Interest income in the quarter was $0.2 million on an average invested cash and investment balance of approximately $85.7 million. Interest income continues to fluctuate in line with average quarterly cash balances and current interest rates.
At March 31, our cash, cash equivalents and short term marketable securities were approximately $82.3 million, a decrease of $6.9 million from the previous quarter. The decrease was primarily due to the current quarter loss. Accounts payable and accrued expenses totaled $3.1 million at March 31. We continue to have no debt.
In summary, we have articulated our strategy to develop and market our Provider Network Controller for the carrier market, which we believe represents a very attractive market and leverages our core technologies and engineering talent. As we continue to make good progress on the development and rollout of the PNC, we are in tandem exploring strategic alternatives available to the company for enhancing shareholder value as described earlier.
This concludes my prepared remarks, and we will now open up the call to your questions.
(Operator Instructions). Your first question comes from the line of [Eric Capella from Reservoir Capital]. Please go ahead.
Eric Capella - Reservoir Capital
As an analyst for 20 years, I don’t know that I’ve seen the term aggressively explore strategic alternatives in a press release. I was wondering what the message was that you were trying to send with that.
Really no message other than the fact that that’s a focus for the company along with the day-to-day running of the business.
Eric Capella - Reservoir Capital
Okay. So, that was it. I just hadn’t seen it, so I was curious what it meant. Thanks.

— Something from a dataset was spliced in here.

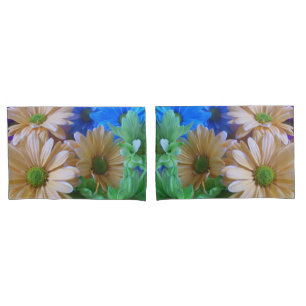 Pillowcases - Multi-Coloured Daisies I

Your next question comes from the line of [Walter Schenker] from Titan Capital. Please go ahead.
Walter Schenker - Titan Capital
I know in the past there’s been some discussion of where we thought we were on a road to commercialization of the products. Obviously, there were some changes in technology interest in the market, which caused the company to change direction a little bit. At what point now without making a formal forecast do we anticipate starting to have something that one could define as material sales of our products?
In terms of a development roadmap, I think you’re correct. We developed the PBT product, and then shifted the resources to the PB and PBB products, which we believe are having greater acceptance in the marketplace. We now have a beta version of that version of the product that was recently, as I said, installed in the lab of a major carrier. So we’re still looking at revenue in the second half of this year.
Walter Schenker - Titan Capital
I realize there’s such a breadth of clients, this is a hard answer, but you maybe can give in a range, a client is likely, a PBB client, the person who’s doing (inaudible) who I have no idea who it is, if they were to accept, the technology would likely generate annual revenue of $0.5 million, $100,000, $2 million, just some sense of magnitude of what a client means?
It would really be hard to put a number on any of that. I appreciate, obviously, your interest in trying to get that size, but it does range quite a bit. All of what you described in terms of the possibilities for any one of those opportunities running into customers.
(Operator Instructions). And seeing that there are no further questions, ladies and gentlemen, this conference will be available for replay after 10 am Eastern Time today through May 2. You may access the AT&T Teleconference replay system at any time by dialing 1-800-475-6701 and entering the access code 997574. Those numbers once again are 1-800-475-6701 with the access code 997574.
That does conclude your conference for today. Thank you for your participation and for using AT&T Executive Teleconference. You may now disconnect.